I Want A House Husband
Recently I was chatting with my great aunt, who grew up in the early part of the 20th century in Monterrey, Mexico. We were talking about a friend of hers whose husband didn’t work, but took care of the kids, and I told her, “You know tía, if I could marry a man who would have the house clean, the laundry done, the children tended to and dinner ready when I got home from work, I would totally go for it.”
You should have seen her face.
Mind you, my tía is a bit old school — but at the same time — she always worked full-time while she was taking care of her son, cleaning the house, paying the bills, washing the laundry, doing the grocery shopping and all of those other things that we “traditionally associate with a wife’s work.”
The truth is, if I could make enough money to support a family, I would opt for a one-parent household — I just wouldn’t want to be the parent to stay home — at least not permanently. I don’t think this makes me any less of a woman, or that it would make my partner any less of a man. On the contrary, I really admire men who want to take a more active role raising their children, because I honestly can’t think of anything more macho than a man taking charge of his family’s welfare (especially if that means less clothes for me to wash!).
My generation grew up expecting both parents to work and perceiving a stay-at-home parent as a luxury for other people that were not us. Honestly, if I could afford such a luxury, I would go for it. Although it seems to fly in the face of “traditional” values like those of my tía — who called her friend’s husband “un flojonazo bien hecho” — I like the idea, yet, sometimes the dream is better than the reality.

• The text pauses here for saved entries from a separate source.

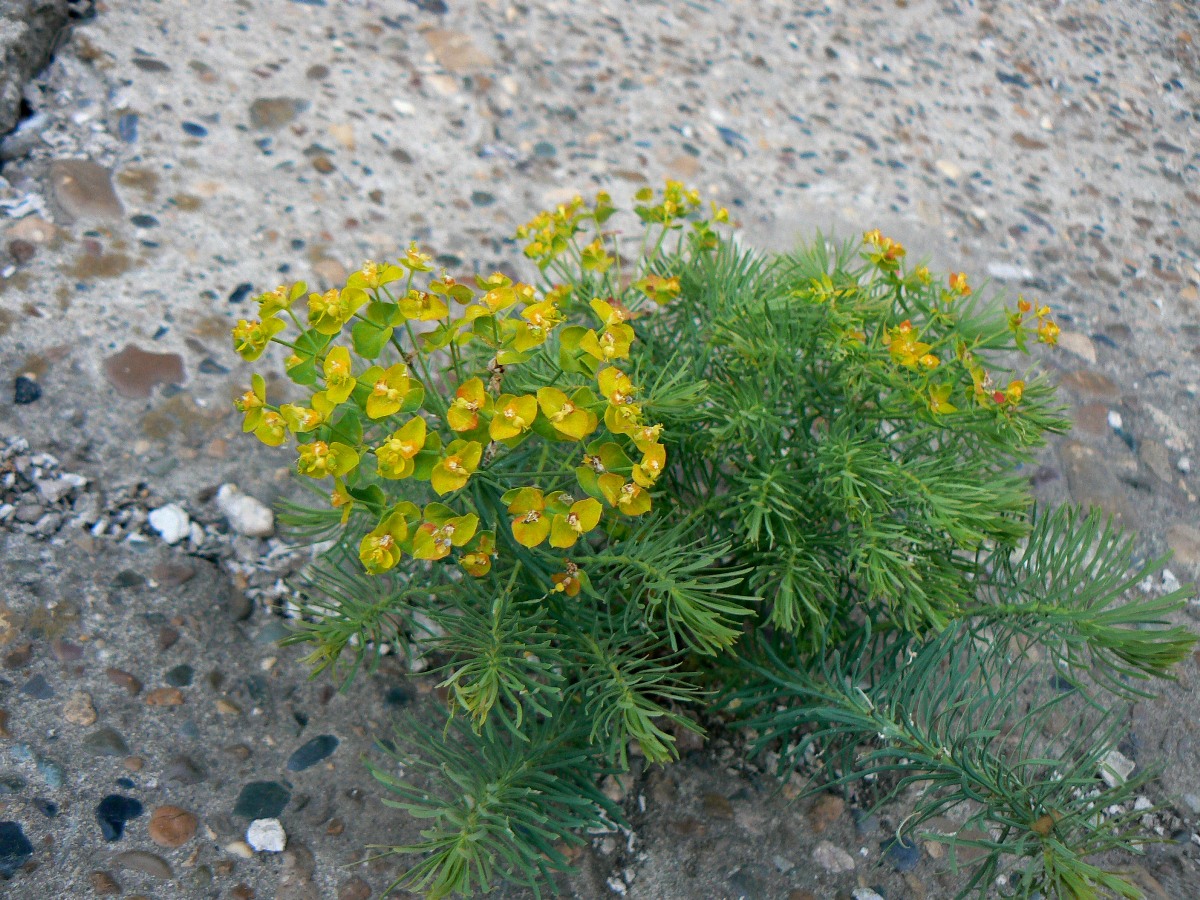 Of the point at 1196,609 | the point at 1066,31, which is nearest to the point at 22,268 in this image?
the point at 1196,609

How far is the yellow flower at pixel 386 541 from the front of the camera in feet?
2.72

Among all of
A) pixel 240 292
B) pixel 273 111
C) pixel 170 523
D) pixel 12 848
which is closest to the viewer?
pixel 12 848

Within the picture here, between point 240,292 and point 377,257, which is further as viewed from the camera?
point 377,257

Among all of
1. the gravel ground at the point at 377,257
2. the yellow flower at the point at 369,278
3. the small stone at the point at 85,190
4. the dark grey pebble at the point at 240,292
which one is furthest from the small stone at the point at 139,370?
the yellow flower at the point at 369,278

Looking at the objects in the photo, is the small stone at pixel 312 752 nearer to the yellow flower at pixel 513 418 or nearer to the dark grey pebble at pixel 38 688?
the dark grey pebble at pixel 38 688

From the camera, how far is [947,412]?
1.04 meters

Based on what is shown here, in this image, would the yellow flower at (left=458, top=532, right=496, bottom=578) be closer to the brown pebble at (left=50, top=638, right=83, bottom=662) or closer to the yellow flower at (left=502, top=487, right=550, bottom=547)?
the yellow flower at (left=502, top=487, right=550, bottom=547)

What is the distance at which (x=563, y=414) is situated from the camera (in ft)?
2.79

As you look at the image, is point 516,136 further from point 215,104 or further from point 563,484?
point 563,484

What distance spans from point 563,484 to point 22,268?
1055 mm

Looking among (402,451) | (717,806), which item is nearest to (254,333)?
(402,451)

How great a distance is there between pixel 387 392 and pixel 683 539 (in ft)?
1.36

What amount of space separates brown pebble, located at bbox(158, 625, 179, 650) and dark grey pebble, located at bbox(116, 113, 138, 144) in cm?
100

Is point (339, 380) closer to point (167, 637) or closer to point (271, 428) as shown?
point (271, 428) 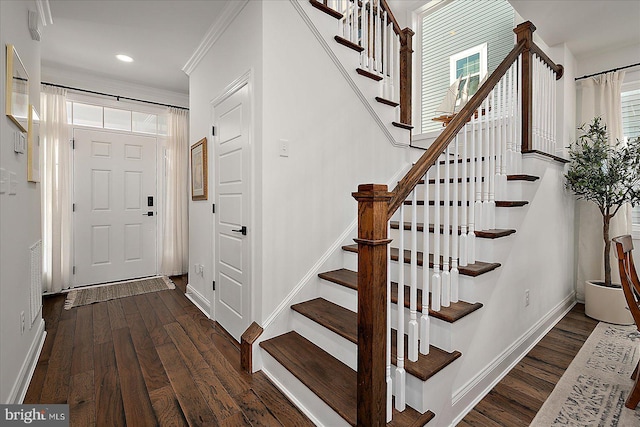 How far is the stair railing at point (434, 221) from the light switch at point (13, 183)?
1929mm

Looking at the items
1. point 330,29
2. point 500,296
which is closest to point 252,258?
point 500,296

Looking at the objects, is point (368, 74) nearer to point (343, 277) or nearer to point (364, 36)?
point (364, 36)

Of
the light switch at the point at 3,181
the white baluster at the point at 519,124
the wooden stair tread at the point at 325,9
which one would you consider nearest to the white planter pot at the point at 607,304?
the white baluster at the point at 519,124

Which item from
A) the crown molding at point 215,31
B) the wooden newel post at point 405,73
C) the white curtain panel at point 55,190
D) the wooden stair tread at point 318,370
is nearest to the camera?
the wooden stair tread at point 318,370

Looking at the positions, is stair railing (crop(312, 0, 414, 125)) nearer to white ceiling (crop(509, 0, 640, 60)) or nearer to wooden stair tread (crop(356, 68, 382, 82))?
wooden stair tread (crop(356, 68, 382, 82))

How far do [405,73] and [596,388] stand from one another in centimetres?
287

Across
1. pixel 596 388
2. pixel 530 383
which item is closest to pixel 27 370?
pixel 530 383

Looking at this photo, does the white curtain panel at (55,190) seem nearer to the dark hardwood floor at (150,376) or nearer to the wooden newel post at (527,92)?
the dark hardwood floor at (150,376)

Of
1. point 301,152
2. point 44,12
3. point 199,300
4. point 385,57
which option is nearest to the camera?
point 301,152

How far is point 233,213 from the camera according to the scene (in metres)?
2.59

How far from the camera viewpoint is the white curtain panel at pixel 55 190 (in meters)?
3.67

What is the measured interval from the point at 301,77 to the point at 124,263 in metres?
3.74

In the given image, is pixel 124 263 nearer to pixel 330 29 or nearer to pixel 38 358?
pixel 38 358

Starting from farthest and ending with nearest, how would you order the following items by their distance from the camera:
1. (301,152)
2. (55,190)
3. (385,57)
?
1. (55,190)
2. (385,57)
3. (301,152) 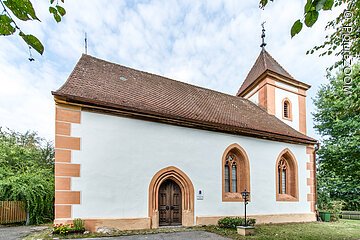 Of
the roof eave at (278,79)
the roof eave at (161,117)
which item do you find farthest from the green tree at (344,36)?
the roof eave at (278,79)

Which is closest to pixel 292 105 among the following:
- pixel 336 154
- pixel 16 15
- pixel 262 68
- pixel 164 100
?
pixel 262 68

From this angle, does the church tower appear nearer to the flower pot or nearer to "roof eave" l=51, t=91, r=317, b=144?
"roof eave" l=51, t=91, r=317, b=144

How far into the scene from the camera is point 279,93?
17.2 m

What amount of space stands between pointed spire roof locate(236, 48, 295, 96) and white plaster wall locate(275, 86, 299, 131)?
1183 mm

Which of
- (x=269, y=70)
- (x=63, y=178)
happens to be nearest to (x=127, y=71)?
(x=63, y=178)

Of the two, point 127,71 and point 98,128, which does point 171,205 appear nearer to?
point 98,128

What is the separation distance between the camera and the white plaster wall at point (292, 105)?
16.9 m

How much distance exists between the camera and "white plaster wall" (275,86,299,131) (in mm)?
16867

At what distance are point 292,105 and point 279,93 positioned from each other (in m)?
1.26

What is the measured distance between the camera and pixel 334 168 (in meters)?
16.4

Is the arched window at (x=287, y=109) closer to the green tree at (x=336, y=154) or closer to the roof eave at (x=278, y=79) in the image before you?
the roof eave at (x=278, y=79)

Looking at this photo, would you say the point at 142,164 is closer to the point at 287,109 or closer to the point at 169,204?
the point at 169,204

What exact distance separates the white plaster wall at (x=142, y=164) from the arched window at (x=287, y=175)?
45.4 inches

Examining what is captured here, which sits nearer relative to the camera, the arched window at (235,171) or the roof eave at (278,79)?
the arched window at (235,171) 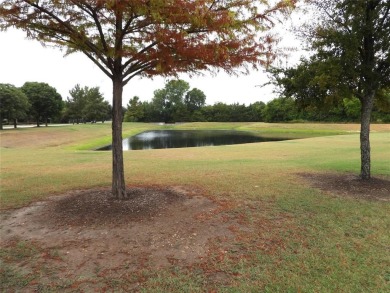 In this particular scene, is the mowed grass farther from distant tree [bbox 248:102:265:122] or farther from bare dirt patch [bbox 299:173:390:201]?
→ distant tree [bbox 248:102:265:122]

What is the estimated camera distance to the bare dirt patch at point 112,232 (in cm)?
461

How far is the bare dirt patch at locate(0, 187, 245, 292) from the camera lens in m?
4.61

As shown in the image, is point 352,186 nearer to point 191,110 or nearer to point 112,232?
point 112,232

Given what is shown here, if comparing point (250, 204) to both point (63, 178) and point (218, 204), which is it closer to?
point (218, 204)

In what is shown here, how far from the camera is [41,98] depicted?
5625cm

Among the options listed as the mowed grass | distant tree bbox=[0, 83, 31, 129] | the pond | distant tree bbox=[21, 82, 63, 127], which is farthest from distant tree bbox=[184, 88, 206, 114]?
the mowed grass

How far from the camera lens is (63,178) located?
36.6ft

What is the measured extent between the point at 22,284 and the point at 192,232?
286 centimetres

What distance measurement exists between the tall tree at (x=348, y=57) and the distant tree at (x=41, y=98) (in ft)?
188

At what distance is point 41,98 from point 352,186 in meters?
59.0

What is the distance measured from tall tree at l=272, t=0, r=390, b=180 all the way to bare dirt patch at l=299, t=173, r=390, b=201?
1.26 m

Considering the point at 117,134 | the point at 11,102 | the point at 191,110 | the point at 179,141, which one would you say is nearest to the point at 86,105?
the point at 11,102

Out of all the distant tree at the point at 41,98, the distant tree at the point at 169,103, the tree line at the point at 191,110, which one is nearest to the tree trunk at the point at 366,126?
the distant tree at the point at 41,98

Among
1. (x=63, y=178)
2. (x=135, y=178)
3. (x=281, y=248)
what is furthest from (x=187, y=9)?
(x=63, y=178) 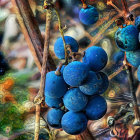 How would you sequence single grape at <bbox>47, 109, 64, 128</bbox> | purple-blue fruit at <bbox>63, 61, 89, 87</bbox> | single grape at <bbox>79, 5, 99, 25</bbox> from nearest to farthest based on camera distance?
purple-blue fruit at <bbox>63, 61, 89, 87</bbox>, single grape at <bbox>47, 109, 64, 128</bbox>, single grape at <bbox>79, 5, 99, 25</bbox>

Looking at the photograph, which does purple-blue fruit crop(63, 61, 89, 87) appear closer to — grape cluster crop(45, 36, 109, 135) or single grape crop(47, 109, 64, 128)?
grape cluster crop(45, 36, 109, 135)

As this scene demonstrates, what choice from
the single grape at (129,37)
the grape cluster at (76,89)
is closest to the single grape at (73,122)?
the grape cluster at (76,89)

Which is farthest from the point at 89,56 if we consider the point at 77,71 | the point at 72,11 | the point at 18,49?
the point at 18,49

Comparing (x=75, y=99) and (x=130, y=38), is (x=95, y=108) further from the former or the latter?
(x=130, y=38)

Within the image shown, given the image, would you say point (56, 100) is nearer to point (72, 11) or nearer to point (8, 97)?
point (8, 97)

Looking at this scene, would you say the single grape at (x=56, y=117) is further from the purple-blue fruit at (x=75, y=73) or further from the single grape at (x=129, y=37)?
the single grape at (x=129, y=37)

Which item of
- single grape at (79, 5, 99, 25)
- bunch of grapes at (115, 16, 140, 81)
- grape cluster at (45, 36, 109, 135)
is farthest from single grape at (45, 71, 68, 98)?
single grape at (79, 5, 99, 25)

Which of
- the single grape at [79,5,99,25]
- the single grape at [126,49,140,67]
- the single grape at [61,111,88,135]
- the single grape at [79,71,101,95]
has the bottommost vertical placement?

I wouldn’t want to be a stay-at-home mom forever because I think I would get bored. If I were able to work part-time or freelance, I think that would be my ideal. Similarly, I can see how a house husband would feel the same way. Having worked from home for more than a year now, I understand how alone or lonely one can feel when at home all day.
So, perhaps another one of my tía’s values comes into play. “Each person has to be an equal partner,” she tells me, “se tienen que entender uno al otro.” Balance is the key, ey? You don’t say!